(Source data Opens)
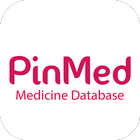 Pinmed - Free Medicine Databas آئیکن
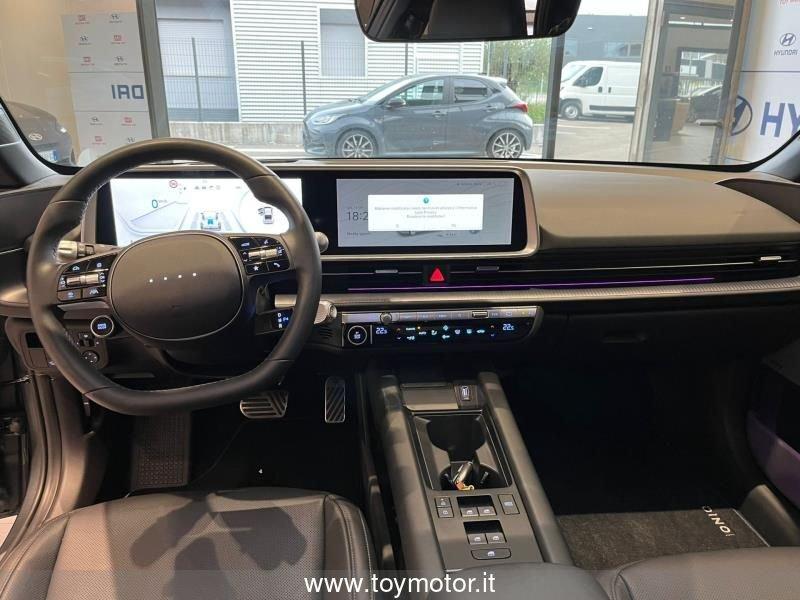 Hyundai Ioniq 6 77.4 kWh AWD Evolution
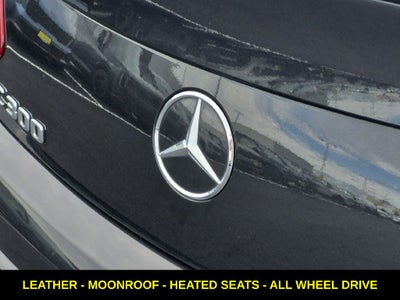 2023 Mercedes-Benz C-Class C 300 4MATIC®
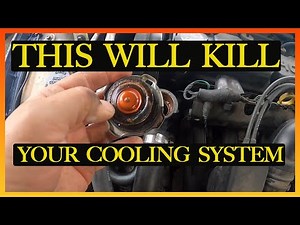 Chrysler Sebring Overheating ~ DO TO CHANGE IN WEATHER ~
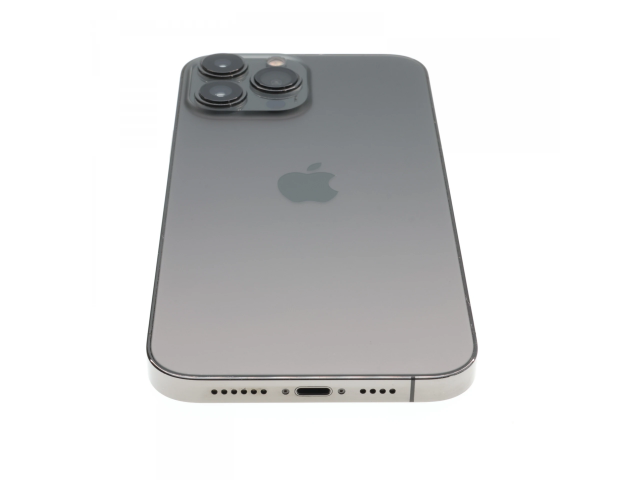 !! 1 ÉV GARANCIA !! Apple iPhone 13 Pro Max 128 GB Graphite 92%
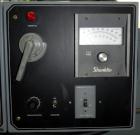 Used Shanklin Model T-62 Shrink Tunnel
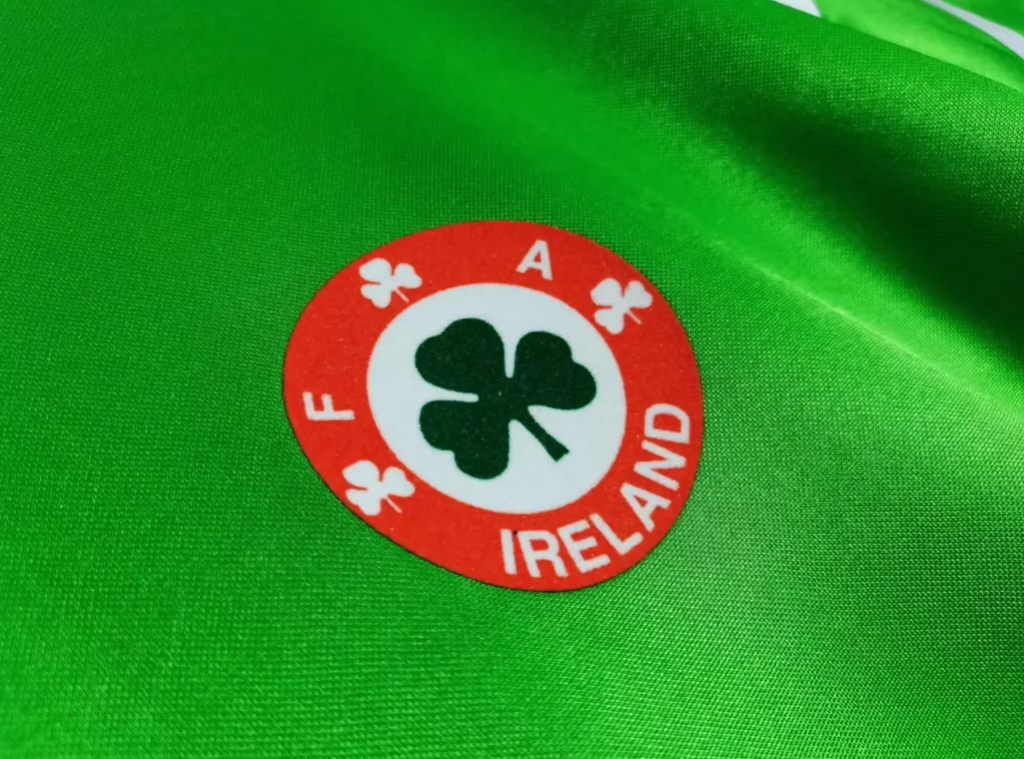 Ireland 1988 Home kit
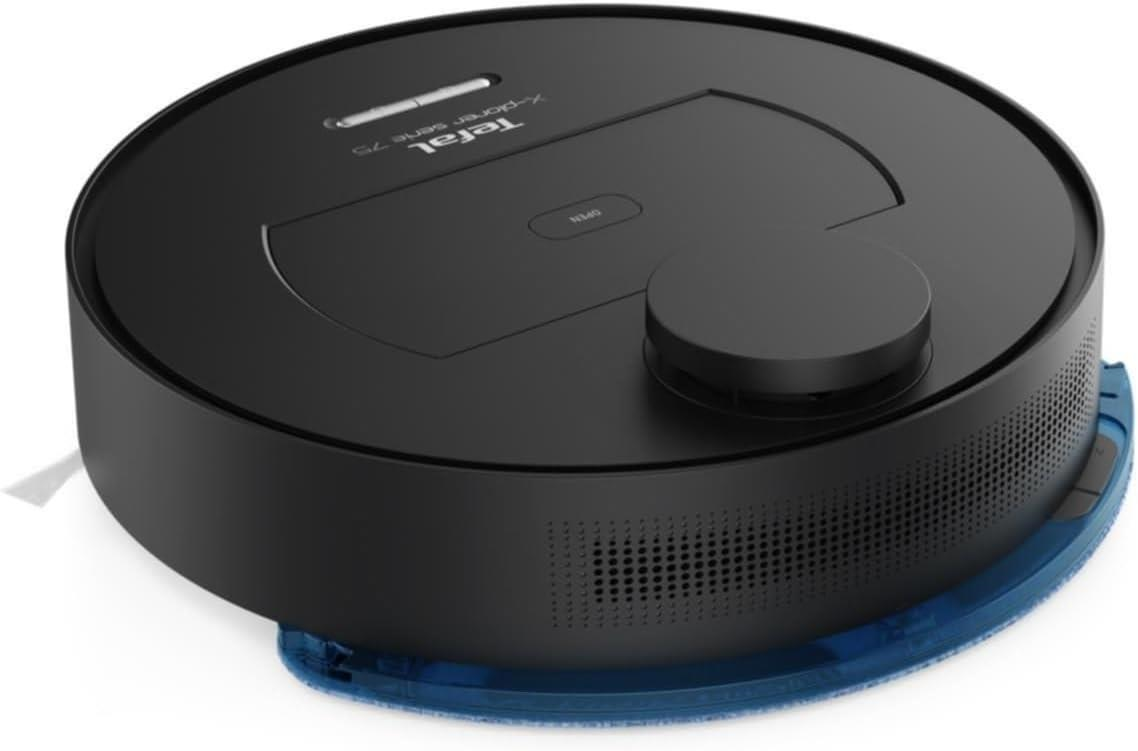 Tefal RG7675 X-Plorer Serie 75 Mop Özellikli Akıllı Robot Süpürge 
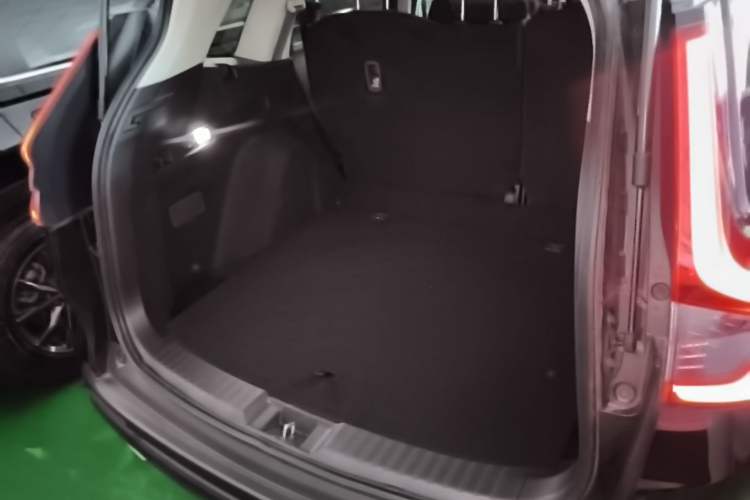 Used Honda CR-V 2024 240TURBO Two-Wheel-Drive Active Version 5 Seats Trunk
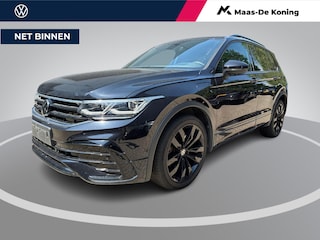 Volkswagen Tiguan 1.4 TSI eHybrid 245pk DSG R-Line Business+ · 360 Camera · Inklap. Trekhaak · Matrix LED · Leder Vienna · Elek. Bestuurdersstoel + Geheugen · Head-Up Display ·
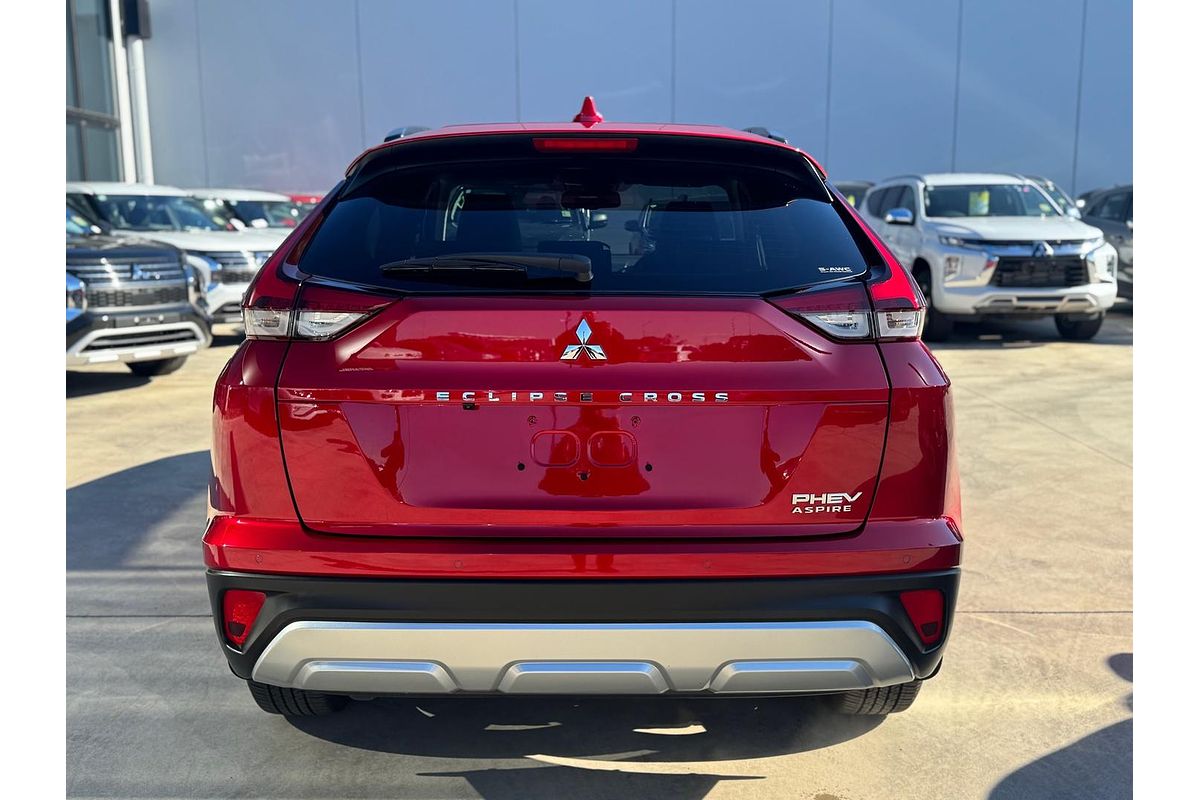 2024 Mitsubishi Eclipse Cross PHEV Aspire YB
(Source data Closes)
(Source data Opens)
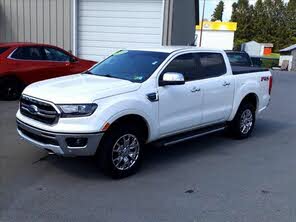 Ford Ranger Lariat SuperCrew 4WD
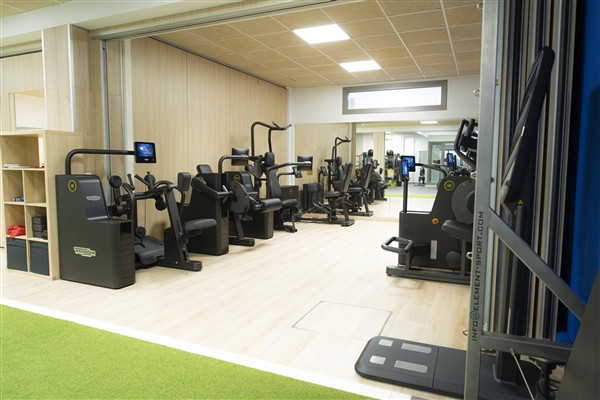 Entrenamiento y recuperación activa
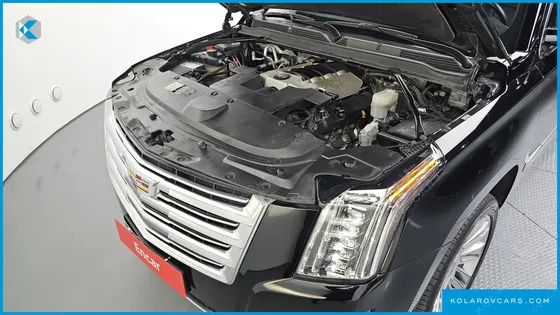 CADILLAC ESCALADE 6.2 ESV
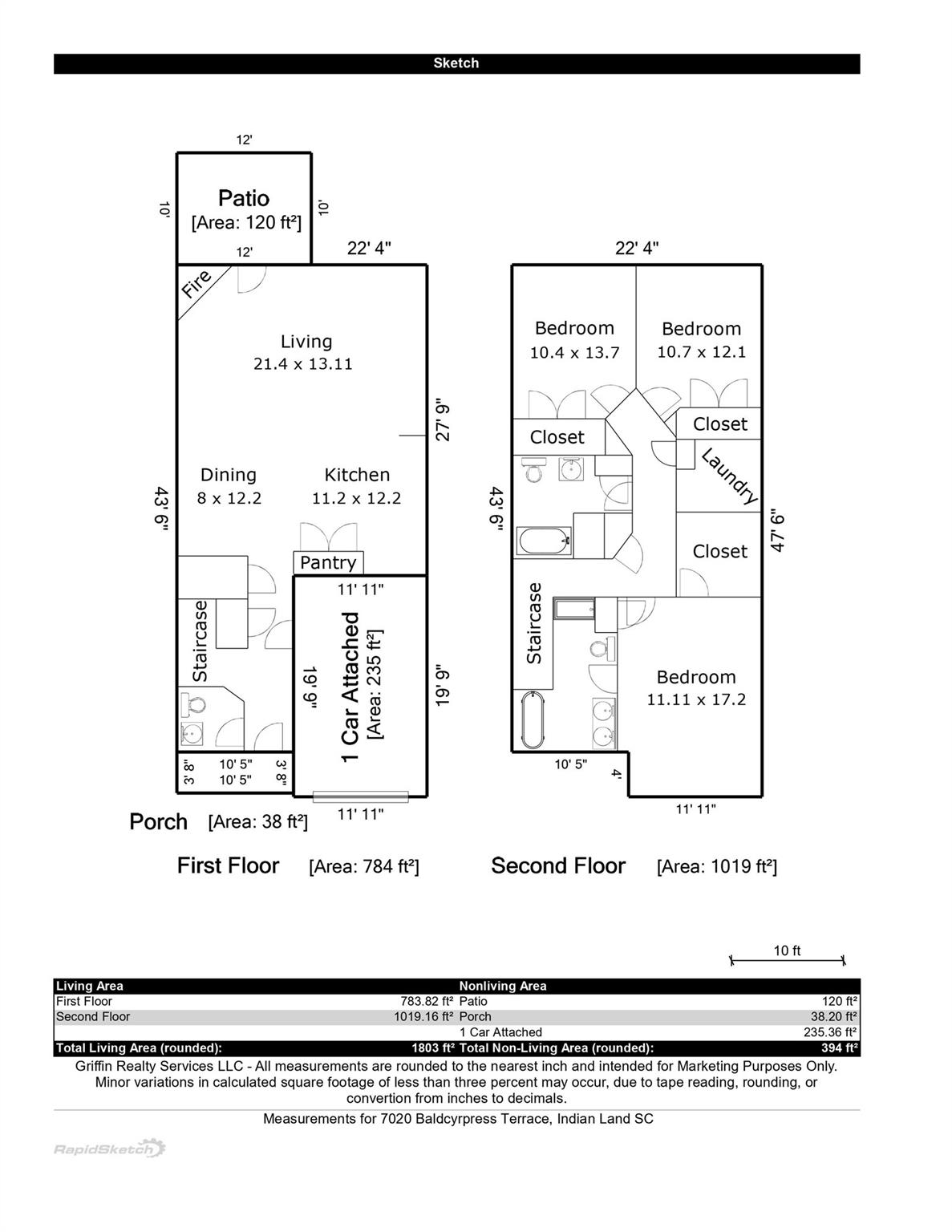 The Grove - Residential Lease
(Source data Closes)
(Source data Opens)
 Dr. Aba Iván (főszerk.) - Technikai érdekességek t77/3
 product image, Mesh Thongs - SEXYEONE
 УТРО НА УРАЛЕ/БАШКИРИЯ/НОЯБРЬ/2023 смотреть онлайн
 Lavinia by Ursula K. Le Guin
(Source data Closes)
### Exercise aim
In the listing above, find the line with "Chrysler Sebring Overheating" and the line with "2024 Mitsubishi Eclipse Cross PHEV Aspire YB". Transcribe those two and everything between, exactly, leaving out pictures.

### Response to this exercise
 Chrysler Sebring Overheating ~ DO TO CHANGE IN WEATHER ~
 !! 1 ÉV GARANCIA !! Apple iPhone 13 Pro Max 128 GB Graphite 92%
 Used Shanklin Model T-62 Shrink Tunnel
 Ireland 1988 Home kit
 Tefal RG7675 X-Plorer Serie 75 Mop Özellikli Akıllı Robot Süpürge 
 Used Honda CR-V 2024 240TURBO Two-Wheel-Drive Active Version 5 Seats Trunk
 Volkswagen Tiguan 1.4 TSI eHybrid 245pk DSG R-Line Business+ · 360 Camera · Inklap. Trekhaak · Matrix LED · Leder Vienna · Elek. Bestuurdersstoel + Geheugen · Head-Up Display ·
 2024 Mitsubishi Eclipse Cross PHEV Aspire YB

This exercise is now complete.